I have a Trane XV90 propane furnace with a variable speed blower.  I connected a second thermostat to the circuit board to run the blower (R to G).  However, this only runs the blower at 50% of available speed.  The AC circuit (Y) and heat circuit (W) interact with the variable speed blower controler but I cannot find any settings for changing the "Fan On" speed (G).  I looked over the manual schematics and it is not clear (if any) how to get the blower to run at 80% or 100%.  I would like this higher flow to better feed the farthest rooms from the blower and to speed up the heating (my thoughts).

Any suggestions or ideas?

Thanks.


----------



## Medman (Nov 18, 2008)

I don't know about Trane, but on my air handler (Goodman)  the speed of the blower is initially set by DIP switches on the control board inside the unit.  This only sets the max possible speed, however.  When the fan comes on in response to a call for heat, it does not go to this max speed right away, - it takes some time to ramp up to max.  There is also a trim setting on the air handler (2 switches) that allows for the speed to be increased by 10% of max or decreased by 15% of max if required.  I also find that I have much more control using a multi stage thermostat to control the blower.


----------



## rwh442 (Nov 18, 2008)

Medman,

My blower in my propane furnace does exactly like you are saying - it ramps up/down depending upon time periods and if/when the heat demand is met.  My original thermostat is two stage and it all worked fine with propane.
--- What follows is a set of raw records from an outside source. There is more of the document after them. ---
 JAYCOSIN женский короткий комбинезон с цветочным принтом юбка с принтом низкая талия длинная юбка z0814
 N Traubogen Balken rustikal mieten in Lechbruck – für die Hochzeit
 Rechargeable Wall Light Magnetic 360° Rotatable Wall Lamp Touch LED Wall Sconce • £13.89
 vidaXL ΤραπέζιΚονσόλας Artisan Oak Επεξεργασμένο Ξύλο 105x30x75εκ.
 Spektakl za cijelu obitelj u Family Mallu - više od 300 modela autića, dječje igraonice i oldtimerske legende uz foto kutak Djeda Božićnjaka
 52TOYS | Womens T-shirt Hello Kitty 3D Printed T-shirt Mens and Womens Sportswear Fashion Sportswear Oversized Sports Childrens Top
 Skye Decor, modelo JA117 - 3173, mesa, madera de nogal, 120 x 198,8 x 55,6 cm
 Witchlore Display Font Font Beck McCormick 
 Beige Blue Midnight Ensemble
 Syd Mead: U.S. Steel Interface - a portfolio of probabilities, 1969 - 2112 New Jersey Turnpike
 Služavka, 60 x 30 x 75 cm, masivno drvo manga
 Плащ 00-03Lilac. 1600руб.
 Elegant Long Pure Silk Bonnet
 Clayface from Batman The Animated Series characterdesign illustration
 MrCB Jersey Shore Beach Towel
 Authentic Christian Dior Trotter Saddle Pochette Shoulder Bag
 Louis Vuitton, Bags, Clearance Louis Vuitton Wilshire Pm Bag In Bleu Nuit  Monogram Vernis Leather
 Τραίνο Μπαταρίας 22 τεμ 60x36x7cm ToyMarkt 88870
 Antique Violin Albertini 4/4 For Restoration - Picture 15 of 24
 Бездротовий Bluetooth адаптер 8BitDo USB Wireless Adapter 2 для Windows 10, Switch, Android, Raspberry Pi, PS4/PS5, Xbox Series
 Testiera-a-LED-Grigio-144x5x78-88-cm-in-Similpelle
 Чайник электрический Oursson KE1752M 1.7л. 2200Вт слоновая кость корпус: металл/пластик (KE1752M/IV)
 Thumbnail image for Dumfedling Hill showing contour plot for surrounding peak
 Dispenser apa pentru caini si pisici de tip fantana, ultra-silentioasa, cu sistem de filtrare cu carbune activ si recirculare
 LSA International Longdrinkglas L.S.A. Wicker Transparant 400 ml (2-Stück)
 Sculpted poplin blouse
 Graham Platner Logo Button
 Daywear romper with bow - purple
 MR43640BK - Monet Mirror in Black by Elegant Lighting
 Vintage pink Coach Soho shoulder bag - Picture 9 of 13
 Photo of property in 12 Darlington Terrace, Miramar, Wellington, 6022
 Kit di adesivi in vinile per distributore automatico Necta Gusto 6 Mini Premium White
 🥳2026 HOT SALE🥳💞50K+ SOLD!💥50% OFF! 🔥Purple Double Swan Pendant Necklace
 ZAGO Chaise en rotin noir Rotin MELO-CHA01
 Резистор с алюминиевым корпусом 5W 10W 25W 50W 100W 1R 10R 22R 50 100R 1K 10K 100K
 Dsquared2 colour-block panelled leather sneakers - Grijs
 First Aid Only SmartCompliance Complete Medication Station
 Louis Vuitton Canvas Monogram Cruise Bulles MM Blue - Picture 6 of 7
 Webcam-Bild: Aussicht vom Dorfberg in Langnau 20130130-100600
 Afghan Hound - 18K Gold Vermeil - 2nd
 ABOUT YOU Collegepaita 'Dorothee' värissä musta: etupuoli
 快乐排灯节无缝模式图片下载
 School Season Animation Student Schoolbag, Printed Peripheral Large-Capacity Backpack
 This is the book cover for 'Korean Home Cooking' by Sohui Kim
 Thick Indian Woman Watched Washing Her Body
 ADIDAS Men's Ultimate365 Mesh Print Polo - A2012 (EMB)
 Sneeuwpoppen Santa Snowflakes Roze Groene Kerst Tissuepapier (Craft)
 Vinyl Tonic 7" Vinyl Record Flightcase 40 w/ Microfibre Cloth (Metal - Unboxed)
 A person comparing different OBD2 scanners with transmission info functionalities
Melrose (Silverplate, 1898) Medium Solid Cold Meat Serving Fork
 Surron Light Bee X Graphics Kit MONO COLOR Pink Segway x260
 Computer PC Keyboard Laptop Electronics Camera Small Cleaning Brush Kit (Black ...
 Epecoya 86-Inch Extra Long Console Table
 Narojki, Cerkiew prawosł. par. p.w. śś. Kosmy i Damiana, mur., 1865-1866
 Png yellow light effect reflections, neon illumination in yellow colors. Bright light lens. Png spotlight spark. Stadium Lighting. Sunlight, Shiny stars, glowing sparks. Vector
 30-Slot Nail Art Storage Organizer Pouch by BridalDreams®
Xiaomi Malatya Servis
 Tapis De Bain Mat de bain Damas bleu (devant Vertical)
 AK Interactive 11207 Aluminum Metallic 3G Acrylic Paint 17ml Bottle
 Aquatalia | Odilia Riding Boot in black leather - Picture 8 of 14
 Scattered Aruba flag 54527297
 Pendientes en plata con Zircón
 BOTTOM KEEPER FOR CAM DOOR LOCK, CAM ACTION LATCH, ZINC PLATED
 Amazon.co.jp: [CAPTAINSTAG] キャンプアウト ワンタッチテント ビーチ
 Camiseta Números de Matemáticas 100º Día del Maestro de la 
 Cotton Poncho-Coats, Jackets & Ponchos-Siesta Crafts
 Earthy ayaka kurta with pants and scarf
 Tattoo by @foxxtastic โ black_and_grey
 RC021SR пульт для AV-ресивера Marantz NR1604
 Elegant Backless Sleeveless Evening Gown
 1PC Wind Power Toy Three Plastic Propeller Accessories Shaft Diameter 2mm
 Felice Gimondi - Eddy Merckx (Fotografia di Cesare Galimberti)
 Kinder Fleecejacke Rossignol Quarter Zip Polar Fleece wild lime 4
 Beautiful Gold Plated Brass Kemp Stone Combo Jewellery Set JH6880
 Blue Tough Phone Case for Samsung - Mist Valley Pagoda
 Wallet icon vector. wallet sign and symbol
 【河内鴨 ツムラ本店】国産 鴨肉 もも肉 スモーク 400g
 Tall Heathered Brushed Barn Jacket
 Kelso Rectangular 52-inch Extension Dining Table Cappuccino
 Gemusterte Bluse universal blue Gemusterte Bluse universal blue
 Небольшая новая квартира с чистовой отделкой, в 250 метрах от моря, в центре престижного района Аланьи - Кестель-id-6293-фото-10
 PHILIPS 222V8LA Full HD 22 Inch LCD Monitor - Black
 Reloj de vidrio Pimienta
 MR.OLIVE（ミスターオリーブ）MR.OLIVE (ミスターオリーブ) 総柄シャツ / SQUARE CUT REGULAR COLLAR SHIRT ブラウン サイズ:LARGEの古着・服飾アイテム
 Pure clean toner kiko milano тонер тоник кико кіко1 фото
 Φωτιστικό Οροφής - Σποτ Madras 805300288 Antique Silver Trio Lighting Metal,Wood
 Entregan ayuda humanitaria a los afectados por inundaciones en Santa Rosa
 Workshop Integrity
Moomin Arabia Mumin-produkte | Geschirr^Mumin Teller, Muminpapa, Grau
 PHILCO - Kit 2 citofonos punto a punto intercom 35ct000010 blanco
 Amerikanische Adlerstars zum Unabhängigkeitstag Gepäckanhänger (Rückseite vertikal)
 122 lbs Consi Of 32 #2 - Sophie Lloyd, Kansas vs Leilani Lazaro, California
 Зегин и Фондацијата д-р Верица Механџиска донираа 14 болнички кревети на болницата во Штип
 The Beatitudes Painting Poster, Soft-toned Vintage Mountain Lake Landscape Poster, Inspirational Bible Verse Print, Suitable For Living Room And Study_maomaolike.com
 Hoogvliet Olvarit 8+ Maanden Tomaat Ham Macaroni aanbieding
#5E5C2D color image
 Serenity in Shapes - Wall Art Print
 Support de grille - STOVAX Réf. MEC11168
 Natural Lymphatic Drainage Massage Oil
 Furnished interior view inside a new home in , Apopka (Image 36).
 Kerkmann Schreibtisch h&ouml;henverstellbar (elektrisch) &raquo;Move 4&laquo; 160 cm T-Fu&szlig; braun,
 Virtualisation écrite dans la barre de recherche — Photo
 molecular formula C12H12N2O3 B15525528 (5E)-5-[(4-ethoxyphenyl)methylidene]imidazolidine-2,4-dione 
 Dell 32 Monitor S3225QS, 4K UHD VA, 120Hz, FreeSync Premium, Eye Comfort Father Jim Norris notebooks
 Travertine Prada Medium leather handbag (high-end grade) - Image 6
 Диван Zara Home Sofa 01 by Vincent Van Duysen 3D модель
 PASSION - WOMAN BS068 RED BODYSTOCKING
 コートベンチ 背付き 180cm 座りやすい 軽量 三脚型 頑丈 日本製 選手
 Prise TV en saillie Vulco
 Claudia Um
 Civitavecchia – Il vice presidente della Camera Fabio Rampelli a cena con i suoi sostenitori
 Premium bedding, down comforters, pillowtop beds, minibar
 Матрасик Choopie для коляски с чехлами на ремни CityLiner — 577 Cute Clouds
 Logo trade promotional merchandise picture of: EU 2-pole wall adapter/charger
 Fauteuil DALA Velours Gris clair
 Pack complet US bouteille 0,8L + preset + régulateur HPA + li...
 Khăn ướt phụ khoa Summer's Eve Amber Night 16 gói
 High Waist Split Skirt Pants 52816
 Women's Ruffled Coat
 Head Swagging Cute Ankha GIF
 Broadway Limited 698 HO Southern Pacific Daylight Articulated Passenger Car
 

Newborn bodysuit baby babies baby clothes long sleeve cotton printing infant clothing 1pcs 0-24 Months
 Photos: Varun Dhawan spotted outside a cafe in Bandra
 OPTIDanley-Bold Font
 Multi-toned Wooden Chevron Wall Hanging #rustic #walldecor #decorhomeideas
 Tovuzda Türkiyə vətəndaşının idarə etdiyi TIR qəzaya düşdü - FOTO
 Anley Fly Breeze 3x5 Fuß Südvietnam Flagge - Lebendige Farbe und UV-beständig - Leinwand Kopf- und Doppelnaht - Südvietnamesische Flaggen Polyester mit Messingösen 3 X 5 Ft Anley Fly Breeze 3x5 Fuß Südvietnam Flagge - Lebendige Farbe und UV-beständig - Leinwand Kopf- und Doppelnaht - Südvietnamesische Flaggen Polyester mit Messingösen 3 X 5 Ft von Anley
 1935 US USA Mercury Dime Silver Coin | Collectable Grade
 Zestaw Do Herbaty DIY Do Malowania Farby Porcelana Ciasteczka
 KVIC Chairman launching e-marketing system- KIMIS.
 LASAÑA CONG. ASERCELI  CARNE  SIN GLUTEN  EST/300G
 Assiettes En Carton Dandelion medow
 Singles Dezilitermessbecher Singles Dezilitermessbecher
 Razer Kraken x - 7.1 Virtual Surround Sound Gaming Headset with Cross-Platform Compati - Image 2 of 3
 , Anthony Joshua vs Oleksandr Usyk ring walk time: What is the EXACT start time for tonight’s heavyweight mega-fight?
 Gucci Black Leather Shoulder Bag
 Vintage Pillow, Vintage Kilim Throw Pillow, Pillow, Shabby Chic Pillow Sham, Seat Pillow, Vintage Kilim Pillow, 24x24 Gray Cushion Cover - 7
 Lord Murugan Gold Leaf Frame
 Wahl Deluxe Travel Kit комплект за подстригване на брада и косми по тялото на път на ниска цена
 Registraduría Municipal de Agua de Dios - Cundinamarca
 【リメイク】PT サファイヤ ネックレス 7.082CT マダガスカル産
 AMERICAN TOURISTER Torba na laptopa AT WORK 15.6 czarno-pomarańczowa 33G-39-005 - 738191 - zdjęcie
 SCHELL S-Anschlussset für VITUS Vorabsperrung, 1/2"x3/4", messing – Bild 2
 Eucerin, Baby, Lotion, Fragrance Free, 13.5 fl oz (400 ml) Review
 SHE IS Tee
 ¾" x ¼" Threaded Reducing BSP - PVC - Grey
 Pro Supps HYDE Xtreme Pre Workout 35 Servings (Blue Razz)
I want to keep the original thermostat as a backup in case the boiler cannot supply the heat required.  I checked all the dip switches concerning the fan speeds and times and all those appear to work only with the call for heat (W1 and W2) and call for cooling (Y) terminals on the board.  Just energizing the fan (G) seems to me to be a fixed 50% fan speed only.  So I guess what would happen would be to possibly find the dip switches to run the fan at 100% for BOTH the call for heat (W1 and W2) and fan (G)?  So it appears I cannot keep my original propane "setup" with the variable speed and make the fan-on speed 100%?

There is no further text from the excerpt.